[[ Information shown open ]]
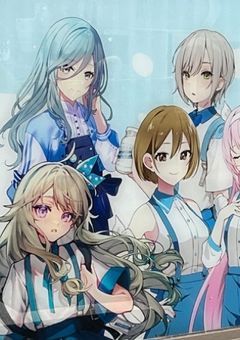 プロセカキャラに褒めて欲しい人への部屋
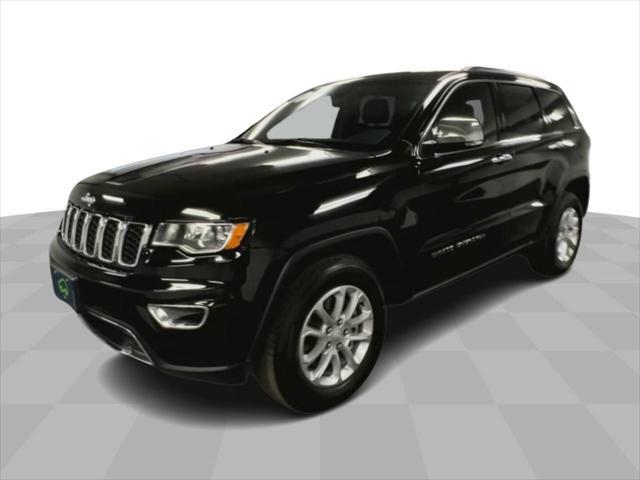 used 2021 Jeep Grand Cherokee car, priced at $29,318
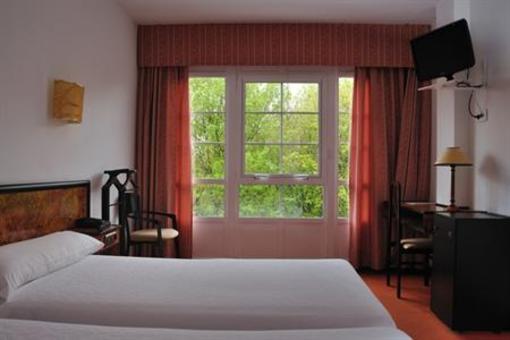 фото отеля Hotel Castro Santiago de Compostela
[[ Information shown closed ]]
### Task objective
Write out the material above exactly, and omit the pictures it holds.

### Solution to the exercise
 プロセカキャラに褒めて欲しい人への部屋
 used 2021 Jeep Grand Cherokee car, priced at $29,318
 фото отеля Hotel Castro Santiago de Compostela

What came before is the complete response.